Natal: a mystery to me!
I have to be honest and admit that I don't really get Natal. I have been, once, back in 2002. It's a pleasant enough place, but quite why it's been singled out as a tourist destination is a mystery to me. That's not to say I dislike Natal and its surroundings - I enjoyed my time there very much - but it doesn't have the wealth of things to see and do that other parts of Brazil do. Yet when I visited it was a magnet for Scandinavian tourists and since then it's taken off as a destination for other European travellers.
I stayed in a hotel in the city of Natal itself, which appears to centre around a motorway (our hotel was by the side of it). We had to take buses to go anywhere, including the tourist centre and museums in the smallish town.
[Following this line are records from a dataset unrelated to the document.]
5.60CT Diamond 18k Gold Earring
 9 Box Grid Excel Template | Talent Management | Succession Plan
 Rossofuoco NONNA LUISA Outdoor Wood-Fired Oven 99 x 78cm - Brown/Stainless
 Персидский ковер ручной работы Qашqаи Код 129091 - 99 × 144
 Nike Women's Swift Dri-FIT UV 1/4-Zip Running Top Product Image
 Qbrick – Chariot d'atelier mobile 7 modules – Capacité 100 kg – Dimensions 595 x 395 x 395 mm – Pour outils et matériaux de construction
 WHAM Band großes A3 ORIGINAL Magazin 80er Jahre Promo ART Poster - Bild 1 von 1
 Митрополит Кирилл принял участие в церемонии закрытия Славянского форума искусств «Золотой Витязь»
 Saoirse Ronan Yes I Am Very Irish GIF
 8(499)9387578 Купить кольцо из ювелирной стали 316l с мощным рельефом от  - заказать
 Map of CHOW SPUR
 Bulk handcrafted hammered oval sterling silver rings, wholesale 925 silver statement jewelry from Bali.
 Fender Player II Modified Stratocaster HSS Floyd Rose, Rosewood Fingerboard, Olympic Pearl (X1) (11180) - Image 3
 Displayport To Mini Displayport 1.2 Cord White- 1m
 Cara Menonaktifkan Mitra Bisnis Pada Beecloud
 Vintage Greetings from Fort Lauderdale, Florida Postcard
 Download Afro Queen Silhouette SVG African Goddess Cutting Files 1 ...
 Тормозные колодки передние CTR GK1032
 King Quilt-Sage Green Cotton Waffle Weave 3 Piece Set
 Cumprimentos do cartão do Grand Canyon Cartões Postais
These were not convenient to say the least.
"Reasons to visit"
You should see Natal not so much for the city itself, but as a base from which to visit the beaches of Genipabu, Pipa and Ponta Negra; it's in between these destinations, making it a perfect location.
The initial inspiration for our own trip was to see the world's biggest cashew tree (in Genipabu) and we did not leave disappointed - I never thought I would be so delighted by a tree!
The reason we went at the time was to experience Natal's calmer take on the festival, which mainly centres on a parade featuring giant puppets. It is an interesting celebration, and is closer to the Portuguese traditions. We had a really enjoyable and chilled-out night eating on the beach and watching the celebrations.
"Natal the city"
What Natal does offer as a city is an insight into the culture of the North East. Having come from Salvador on my first real trip outside that city, I was struck at the very different feel of Natal. And that sense is strongest away from the touristy centres. Even a trip to the mall or a short bus ride brings it out. People look very different here to other parts of Brazil and their attitude is different - one of the real pleasures of travelling in Brazil, as I have discovered, is the idea of the preservation of very distinct cultures. And the people of Rio Grande do Norte are largely charming.